Governance, Justice and Resistance: On the way to a fossil-free welfare society

Last changed: 28 April 2022

The project aims to develop an integrated vision for transition governance that is more likely to be socially accepted and effective.

In Sweden as well as globally, societal action to curb climate change seems to be trapped in a fundamental dilemma: While transition processes towards fossil-free societies will have to accelerate significantly if we want to limit further exacerbation of climate change, recent experiences in the EU and USA show that rapid social change can provoke severe counterreactions by parts of the population that feel disempowered and left behind.

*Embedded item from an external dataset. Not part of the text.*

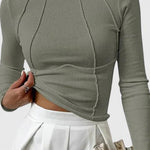 Mónica - Příjemná dlouhá rukávová blůza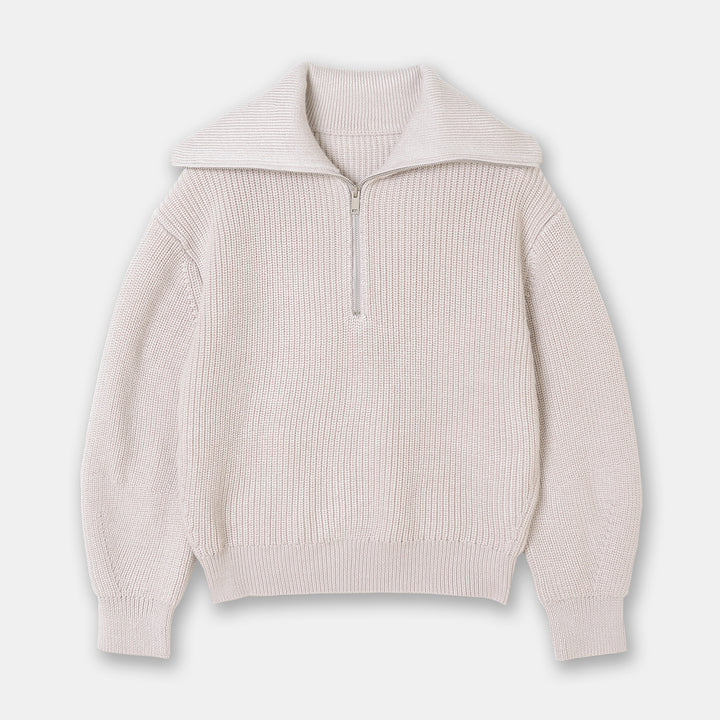 Casual Wool Blend Knit Sweater – Soft Crew Neck Pullover-HighTouch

In this project we aim to address this dilemma by examining the interactions between approaches to transition governance, to identify potential synergies and tensions and anticipate opposition and resistance. We focuse particularly on aspects of justice and legitimacy to develop an integrated vision for transition governance that is more likely to be socially accepted, but also – because of its integrated nature – more likely to be effective than the current piecemeal approach. To make use of the wealth of existing work – both academic and applied – we draw on document analysis, key informant interviews and stakeholder workshops to capture the diversity of perspectives. Our synthetic analysis of interactions between governance approaches from a justice and legitimacy perspective will constitute a novel (and long overdue) contribution to transition scholarship and policy. An agenda for future research, practical steps derived from a collaboratively developed vision and training sessions will help to translate our insights into practice.

Four subprojects

The project includes at present four subprojects in which we study different manifestations of governance, justice and resistance in the transition towards a fossil-free welfare society. In the first subproject, we explore how justice is considered and formulated in policy documents and parliamentary debates in Sweden. By examining how politicians in the Swedish national parliament talk about a just transition, we gain deeper insight into the ways that the transition is conceptualized and negotiated through different governance approaches. Sweden has ambitious goals to be world-leading in the transition to climate neutrality and at the same time has a strong self-image as a historically entrenched welfare state where equality is a central part of the core values. Examining the role of justice in the Swedish national political debate is therefore interesting to understand if and how these values are translated into policy.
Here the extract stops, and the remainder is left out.